Die genannten Ereignisse haben mich immer mehr in der Ansicht bestärkt, daß ich die Sache rund um die Wahlen gar nicht ruhen lassen kann, wenn ich mich nicht zum Gespött der Öffentlichkeit machen lassen möchte, wie sie dies offenbar versuchen. Plötzlich finde ich mich in einer Situation, in der ich mich rechtfertigen muß, so als ob ich am 3. Oktober ein Verbrechen begangen hätte. Und dies liegt in erster Linie daran, wie mit dem Vorfall umgegangen wurde.

Gottseidank gibt es innerhalb der Wahlkommission auch Menschen, die sich nach bestem Wissen korrekt verhaften haben, etwa Xxxx Xxxxx.

Gottseidank gibt es Menschen, die daran interessiert sind, den Fall aufzuklären und sich selbst dadurch wieder ins rechte Licht zu rücken, etwa Xxxx Xxxxx oder Xxxx Xxxxx. Die beiden letzteren sind es auch, die auf einer Anzeige bestehen - wer die Anzeige tätigt, ist letztlich jedoch egal, zumal - wie bereits erwähnt - ohnehin die Staatsanwaltschaft sämtliche weiteren Schritte zu setzen hat.

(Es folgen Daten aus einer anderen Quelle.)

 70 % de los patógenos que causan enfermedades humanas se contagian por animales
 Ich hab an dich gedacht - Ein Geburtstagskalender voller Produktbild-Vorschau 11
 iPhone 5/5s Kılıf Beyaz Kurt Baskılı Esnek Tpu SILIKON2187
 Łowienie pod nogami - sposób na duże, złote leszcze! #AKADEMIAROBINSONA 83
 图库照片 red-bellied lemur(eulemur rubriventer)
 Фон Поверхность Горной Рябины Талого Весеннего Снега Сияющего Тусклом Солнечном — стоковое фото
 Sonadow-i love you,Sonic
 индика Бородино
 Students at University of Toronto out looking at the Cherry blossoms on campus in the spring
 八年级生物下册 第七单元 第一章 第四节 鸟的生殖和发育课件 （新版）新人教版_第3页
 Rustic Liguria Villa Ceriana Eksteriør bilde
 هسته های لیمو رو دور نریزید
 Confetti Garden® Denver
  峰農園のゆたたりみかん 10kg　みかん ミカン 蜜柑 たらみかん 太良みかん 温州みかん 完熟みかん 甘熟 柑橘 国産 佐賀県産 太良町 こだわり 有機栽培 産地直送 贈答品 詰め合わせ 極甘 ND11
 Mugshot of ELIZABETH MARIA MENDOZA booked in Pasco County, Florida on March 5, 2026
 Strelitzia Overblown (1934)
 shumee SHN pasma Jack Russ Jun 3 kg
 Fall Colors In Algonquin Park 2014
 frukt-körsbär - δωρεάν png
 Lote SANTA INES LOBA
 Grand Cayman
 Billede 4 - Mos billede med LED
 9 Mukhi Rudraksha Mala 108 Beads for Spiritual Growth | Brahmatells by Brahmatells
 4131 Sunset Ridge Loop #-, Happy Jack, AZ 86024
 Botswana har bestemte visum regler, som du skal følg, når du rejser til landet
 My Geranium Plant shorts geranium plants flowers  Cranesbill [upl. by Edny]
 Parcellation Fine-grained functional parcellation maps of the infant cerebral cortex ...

Ganz abgesehen von der menschlichen Seite haben die drei soeben Genannten aber auch juristisch richtig gehandelt, indem Sie den Vorfall an Sie weitergeleitet haben. Ich möchte in diesem Zusammenhang auf § 84. StPO (Strafprozeßordnung) hinweisen. Ich lege einen Auszug aus der StPO bei und nehme an, daß es keiner weiteren Erläuterungen bedarf, zu welcher Reaktion der Gesetzgeber Sie als Bürgermeister verpflichtet hätte.

Für mich persönlich brachten die Ereignisse rund um die Nationalratswahlen eine Reihe von Enttäuschungen und auch sehr viel Verwunderung und Staunen mit sich. Ich frage mich immer wieder, wie ich eigentlich dazu komme, mich mit solchen Dingen beschäftigen zu müssen. Ich frage mich auch, in welchem Staat ich lebe und warum die Demokratie derart mit Füßen getreten wird. Und damit meine ich gar nicht so sehr den „Ausrutscher" einer Einzelperson in einem unbedachten Augenblick, sondern vor allem das Verhalten von offiziellen Vertretern dieses Landes, welche nicht im Affekt (kein gesunder Mensch handelt tagelang im Affekt), sondern offenbar planmäßig vorgehen.